Start of ENTRIES SUPPLIED

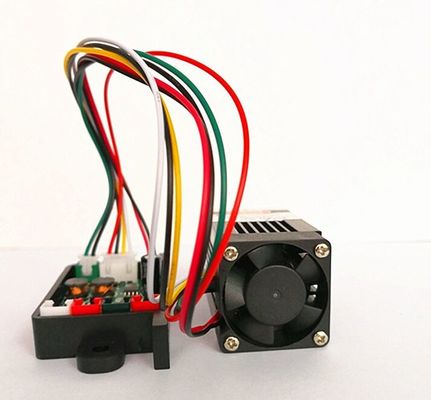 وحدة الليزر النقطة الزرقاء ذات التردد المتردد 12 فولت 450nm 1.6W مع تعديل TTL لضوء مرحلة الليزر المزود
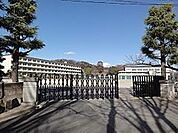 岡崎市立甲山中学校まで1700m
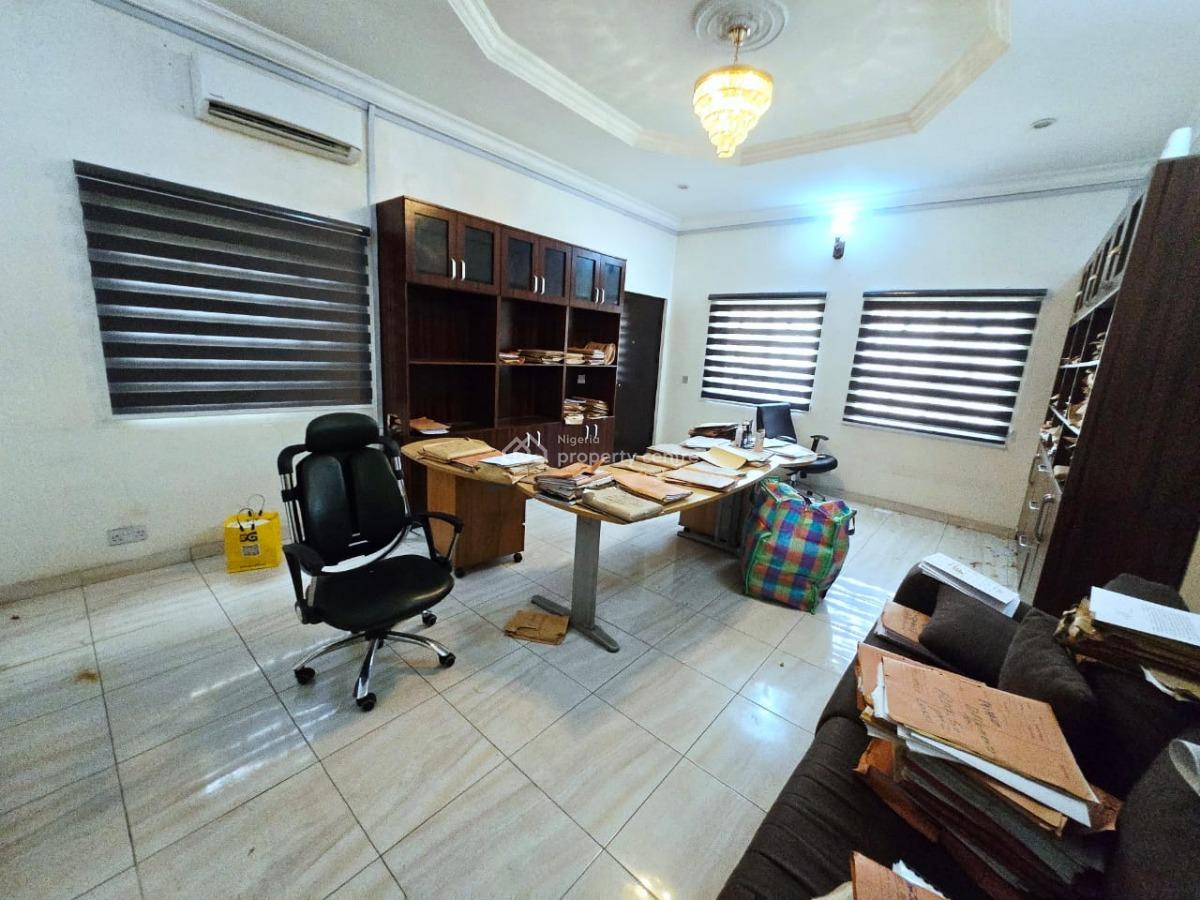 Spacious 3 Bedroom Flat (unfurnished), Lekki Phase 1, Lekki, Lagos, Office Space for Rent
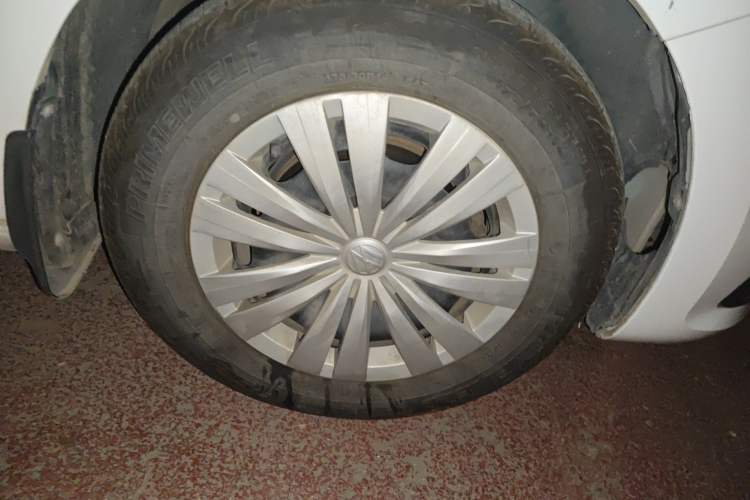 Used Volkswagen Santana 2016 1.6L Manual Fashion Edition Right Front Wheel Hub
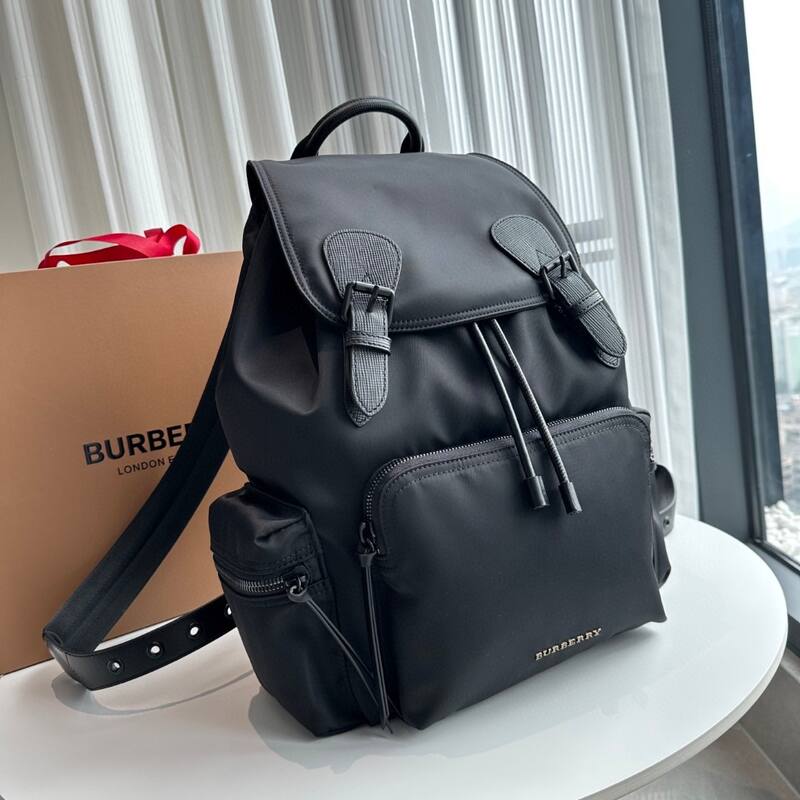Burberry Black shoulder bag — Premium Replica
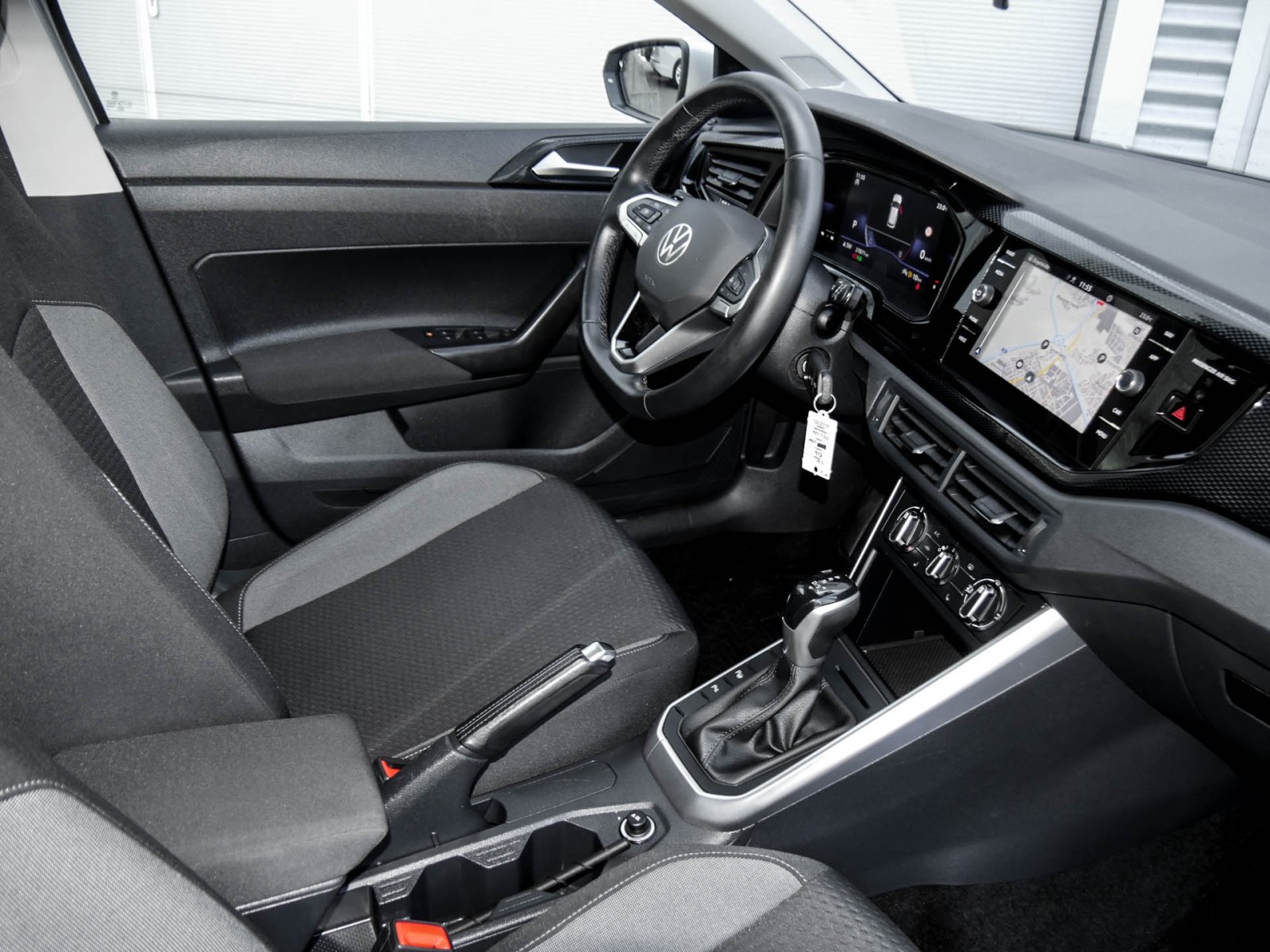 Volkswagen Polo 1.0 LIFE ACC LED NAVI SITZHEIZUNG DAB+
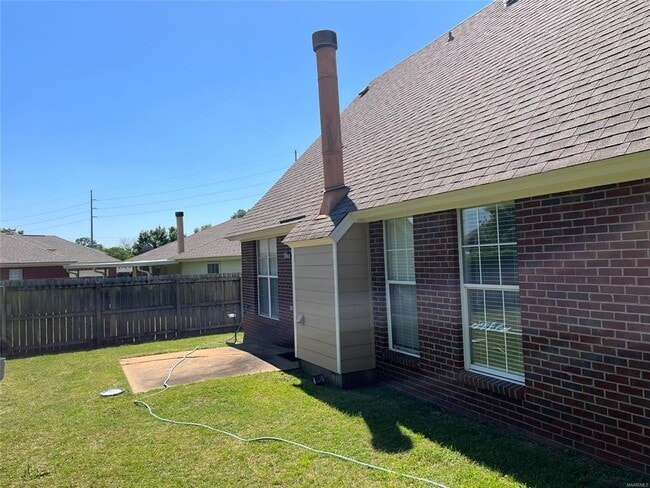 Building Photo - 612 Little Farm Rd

End of ENTRIES SUPPLIED

WHAT YOU WILL DO:
Please return the lines from the line with "Used Volkswagen Santana" through the last line of the data, both included, exactly, and without pictures.

OUTPUT FOR THIS TASK:
 Used Volkswagen Santana 2016 1.6L Manual Fashion Edition Right Front Wheel Hub
Burberry Black shoulder bag — Premium Replica
 Volkswagen Polo 1.0 LIFE ACC LED NAVI SITZHEIZUNG DAB+
 Building Photo - 612 Little Farm Rd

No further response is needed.